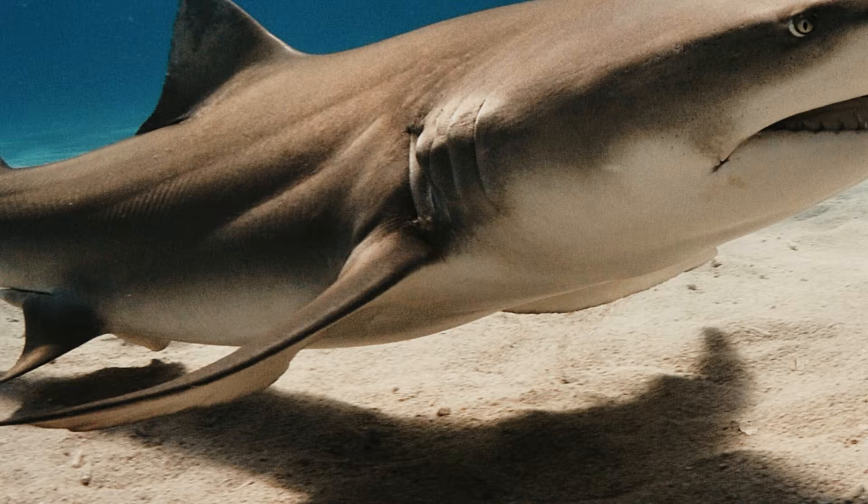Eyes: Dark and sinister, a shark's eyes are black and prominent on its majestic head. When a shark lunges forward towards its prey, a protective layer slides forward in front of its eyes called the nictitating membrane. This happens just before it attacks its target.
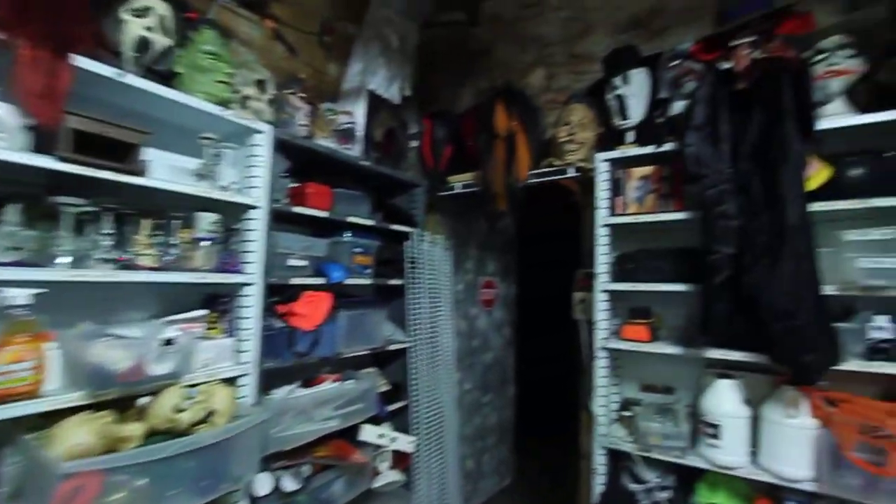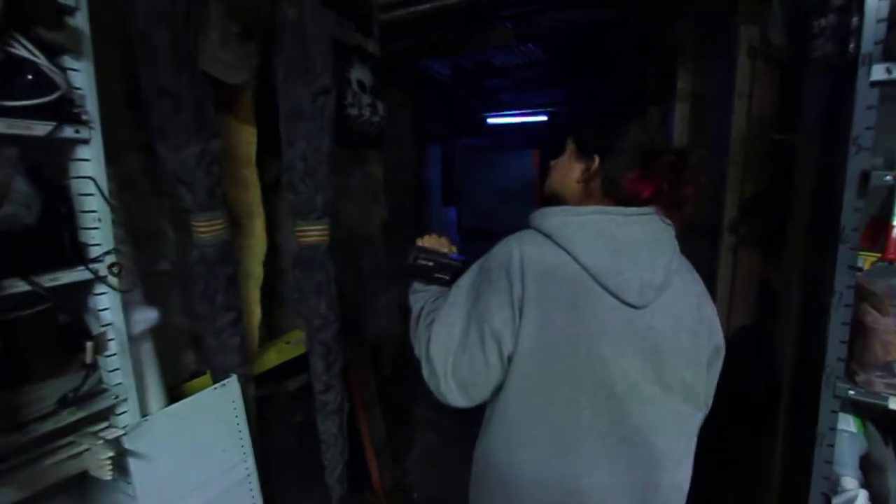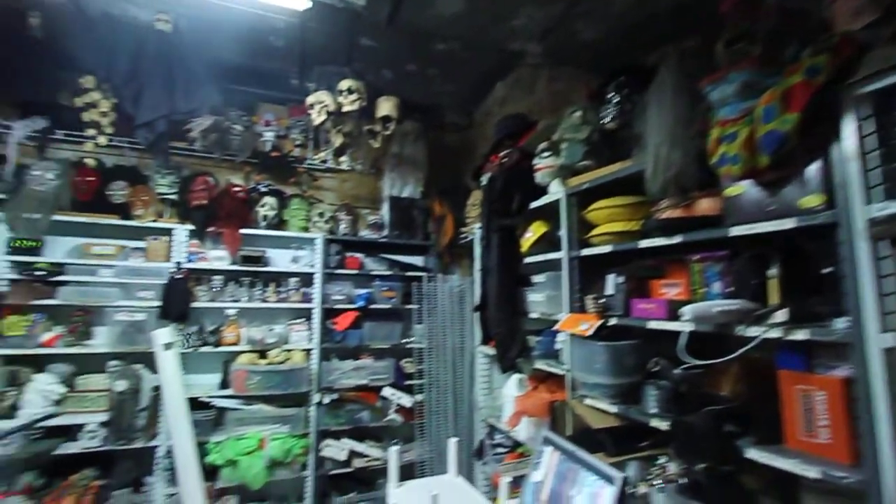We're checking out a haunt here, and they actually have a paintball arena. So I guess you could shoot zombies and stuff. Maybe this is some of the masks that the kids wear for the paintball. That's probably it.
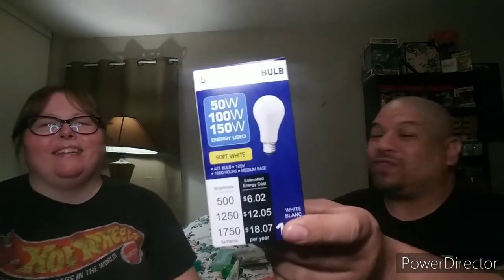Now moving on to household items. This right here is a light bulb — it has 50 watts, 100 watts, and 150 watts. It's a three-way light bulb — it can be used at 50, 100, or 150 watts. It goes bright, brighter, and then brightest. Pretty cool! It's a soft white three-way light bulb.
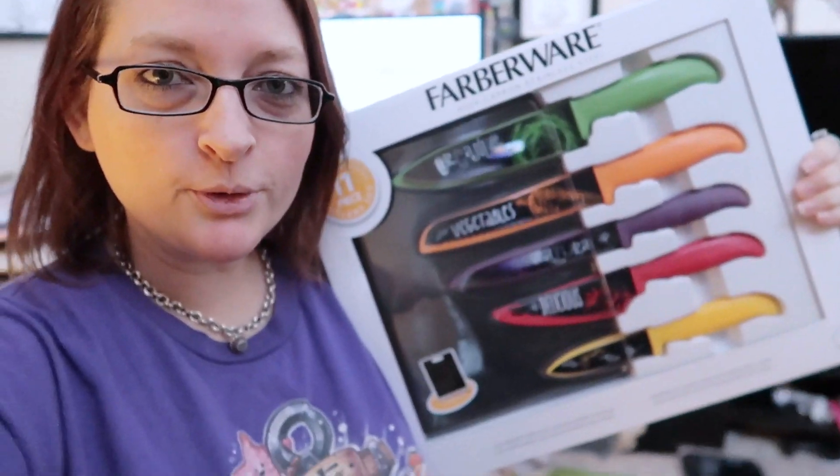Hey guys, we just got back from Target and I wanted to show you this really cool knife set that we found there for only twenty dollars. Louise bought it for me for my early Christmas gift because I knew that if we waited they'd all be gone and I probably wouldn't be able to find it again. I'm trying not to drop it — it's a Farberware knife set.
________________
> Your goal:
A word-for-word copy of the data, without its pictures, is what is needed.

> Response for this exercise:
Eyes: Dark and sinister, a shark's eyes are black and prominent on its majestic head. When a shark lunges forward towards its prey, a protective layer slides forward in front of its eyes called the nictitating membrane. This happens just before it attacks its target.
We're checking out a haunt here, and they actually have a paintball arena. So I guess you could shoot zombies and stuff. Maybe this is some of the masks that the kids wear for the paintball. That's probably it.
Now moving on to household items. This right here is a light bulb — it has 50 watts, 100 watts, and 150 watts. It's a three-way light bulb — it can be used at 50, 100, or 150 watts. It goes bright, brighter, and then brightest. Pretty cool! It's a soft white three-way light bulb.
Hey guys, we just got back from Target and I wanted to show you this really cool knife set that we found there for only twenty dollars. Louise bought it for me for my early Christmas gift because I knew that if we waited they'd all be gone and I probably wouldn't be able to find it again. I'm trying not to drop it — it's a Farberware knife set.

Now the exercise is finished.